I'm super tempted by the SVO course but I don't think I can pull it off at the moment. I did recently enroll in the Thinkspace "Template in a weekend" course which I am finding fantastic. It's very reasonably priced and in my opinion a fantastic value. I've already picked up some good little tidbits and find I really just enjoy Guy's humour and approach to things. As far as courses go I haven't done much. I did an Evenant recently but I didn't find it a good value. May have just been the wrong course for me. Anyhow. Ya....


----------



## MarcusMaximus (Apr 25, 2017)

Also tempted but would love to hear from someone who has actually done it. I did the ThinkSpace Orchestral Mixing course recently and it was excellent. I also finished 4 years of 1-1 composition lessons a while ago, which was also an excellent learning experience. This course looks very comprehensive though and I like the focus on producing professional sounding recordings.

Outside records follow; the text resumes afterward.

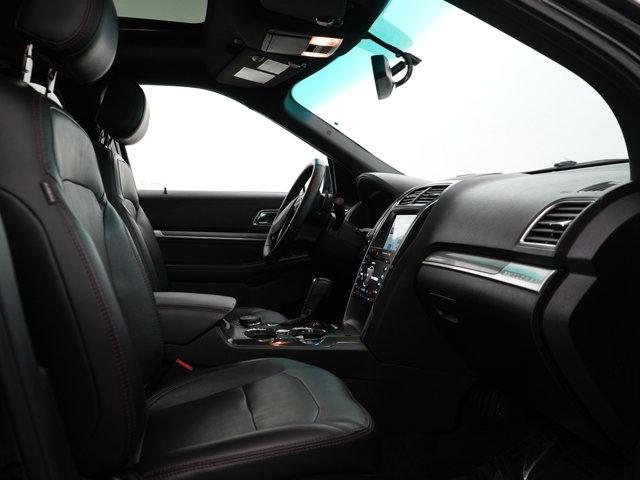 Photo of 2017 Shadow Black Ford Explorer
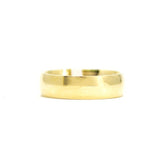 H58 Argolla Caballero Oro Amarillo 6mm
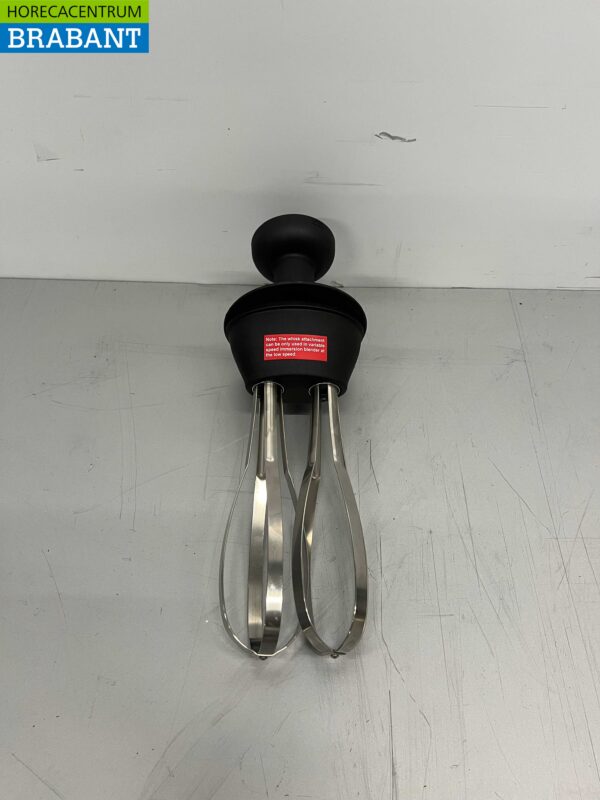HCB Professionele staafmixer met garde opzetstuk 270 watt 230V Horeca - Afbeelding 2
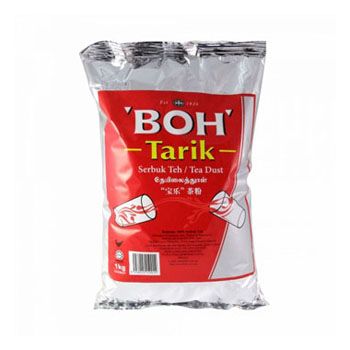 BOH TARIK TEA DUST - 1 KG/PKT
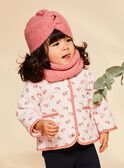 Berretto in maglia rosa antico FIMAURINE / 23E4BF51BON817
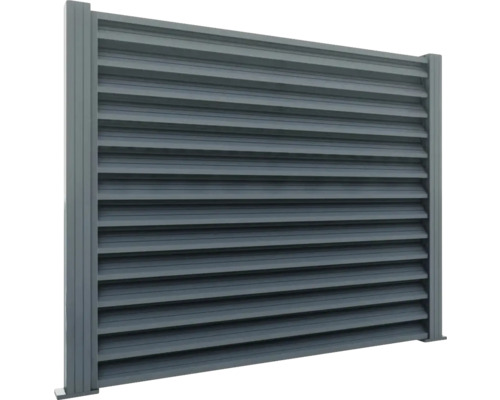 Gard de confidențialitate cu lamele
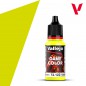 PINTURA VALLEJO GAME COLOR VERDE BILIOSO 18ml PINTURA VALLEJO GAME COLOR VERDE BILIOSO 18ml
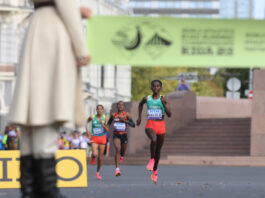 Wereldrecords op mijl sneuvelen in Riga, Simon Debognies valt net buiten top 30 op halve marathon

Having studied a lot of the more 'traditional' way of doing things (harmony, counterpoint, real-world orchestration, score preparation etc. etc.) I am now drawn to something that is more geared toward the production side of things. I don't write music for media though, just music 'for its own sake' so I am wondering if the course is more suited to those who want to write for film, games, tv etc?


----------



## JTJohnson (Apr 25, 2017)

Emailed them and they friendly got back in touch





"Hi Jake- thanks for contacting! Sorry, it took a bit to answer your email  Great questions!
*1) is this lifetime access?*
Yes, you've got lifetime access to the course materials.
The course http://vi-control.net/community/x-apple-data-detectors://1 (starts on May 1st.) BUT you can go your own pace. Don't have to follow the course's schedule. The course materials do not expire and you'll have access to them for life. Even to the future course updates and improvements!
The duration is 8 weeks approx. You can do it a bit faster, or taking as much time as you want/need. The assignments will be always reviewed, no matter how late you post them. And the chat sessions get recorded.
Also, you’ll have access to the course materials for life, as well as to the Facebook group AND the weekly chats. You can join any weekly chat that you want, even if your course has finished.

*2. Is it mostly videos with examples etc?*
The course consists of weekly lessons, based on videos and PDFs. At the end of every lesson, there's an assignment. The course also includes

- a weekly live video-chat with Marc and the rest of the students
- assignments that get reviewed by Marc
- a private Facebook group where you'll post the assignments that will get reviewed and you can ask questions.
- a live orchestral mixing masterclass with 3 times Grammy mixing engineer Bobby Fernandez (PRO version)
- another live composing masterclass with Spiderman composer Christopher Young (tips on how to get you started in the industry, now that you know how to produce professional sounding mockups)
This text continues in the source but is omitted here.